**Exercise details**
The line containing "How to Calculate" and every line after it through the end of the records: return those exactly, and nothing more.
====== Source material ======
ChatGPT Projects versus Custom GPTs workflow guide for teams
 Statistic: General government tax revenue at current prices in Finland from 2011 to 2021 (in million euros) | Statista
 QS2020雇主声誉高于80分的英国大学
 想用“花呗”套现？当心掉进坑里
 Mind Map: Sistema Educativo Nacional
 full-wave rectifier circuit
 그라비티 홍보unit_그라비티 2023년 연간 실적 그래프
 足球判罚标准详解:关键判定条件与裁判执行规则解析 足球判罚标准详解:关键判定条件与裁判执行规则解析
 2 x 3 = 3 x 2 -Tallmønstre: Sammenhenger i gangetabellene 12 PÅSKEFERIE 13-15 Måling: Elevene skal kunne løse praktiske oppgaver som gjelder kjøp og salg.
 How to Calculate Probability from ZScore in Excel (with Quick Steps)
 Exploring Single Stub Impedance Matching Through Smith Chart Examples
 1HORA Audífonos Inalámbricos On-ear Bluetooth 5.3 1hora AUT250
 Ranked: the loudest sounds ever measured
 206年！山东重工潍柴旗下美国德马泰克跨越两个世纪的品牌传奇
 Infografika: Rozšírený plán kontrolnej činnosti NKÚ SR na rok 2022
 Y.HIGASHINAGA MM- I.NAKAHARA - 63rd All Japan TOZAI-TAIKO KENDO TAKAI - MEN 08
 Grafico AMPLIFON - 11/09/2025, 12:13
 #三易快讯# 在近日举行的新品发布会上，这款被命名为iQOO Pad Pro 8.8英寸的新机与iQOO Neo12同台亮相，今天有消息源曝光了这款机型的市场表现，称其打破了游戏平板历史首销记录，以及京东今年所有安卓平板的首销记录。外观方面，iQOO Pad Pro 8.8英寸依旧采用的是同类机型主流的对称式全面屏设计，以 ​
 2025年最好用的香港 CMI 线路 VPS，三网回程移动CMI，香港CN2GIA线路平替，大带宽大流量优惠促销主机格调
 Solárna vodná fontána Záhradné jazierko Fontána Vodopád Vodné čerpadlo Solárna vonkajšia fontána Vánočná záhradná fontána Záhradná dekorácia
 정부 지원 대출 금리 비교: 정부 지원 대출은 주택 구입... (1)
======
**Problem solution**
 How to Calculate Probability from ZScore in Excel (with Quick Steps)
 Exploring Single Stub Impedance Matching Through Smith Chart Examples
 1HORA Audífonos Inalámbricos On-ear Bluetooth 5.3 1hora AUT250
 Ranked: the loudest sounds ever measured
 206年！山东重工潍柴旗下美国德马泰克跨越两个世纪的品牌传奇
 Infografika: Rozšírený plán kontrolnej činnosti NKÚ SR na rok 2022
 Y.HIGASHINAGA MM- I.NAKAHARA - 63rd All Japan TOZAI-TAIKO KENDO TAKAI - MEN 08
 Grafico AMPLIFON - 11/09/2025, 12:13
 #三易快讯# 在近日举行的新品发布会上，这款被命名为iQOO Pad Pro 8.8英寸的新机与iQOO Neo12同台亮相，今天有消息源曝光了这款机型的市场表现，称其打破了游戏平板历史首销记录，以及京东今年所有安卓平板的首销记录。外观方面，iQOO Pad Pro 8.8英寸依旧采用的是同类机型主流的对称式全面屏设计，以 ​
 2025年最好用的香港 CMI 线路 VPS，三网回程移动CMI，香港CN2GIA线路平替，大带宽大流量优惠促销主机格调
 Solárna vodná fontána Záhradné jazierko Fontána Vodopád Vodné čerpadlo Solárna vonkajšia fontána Vánočná záhradná fontána Záhradná dekorácia
 정부 지원 대출 금리 비교: 정부 지원 대출은 주택 구입... (1)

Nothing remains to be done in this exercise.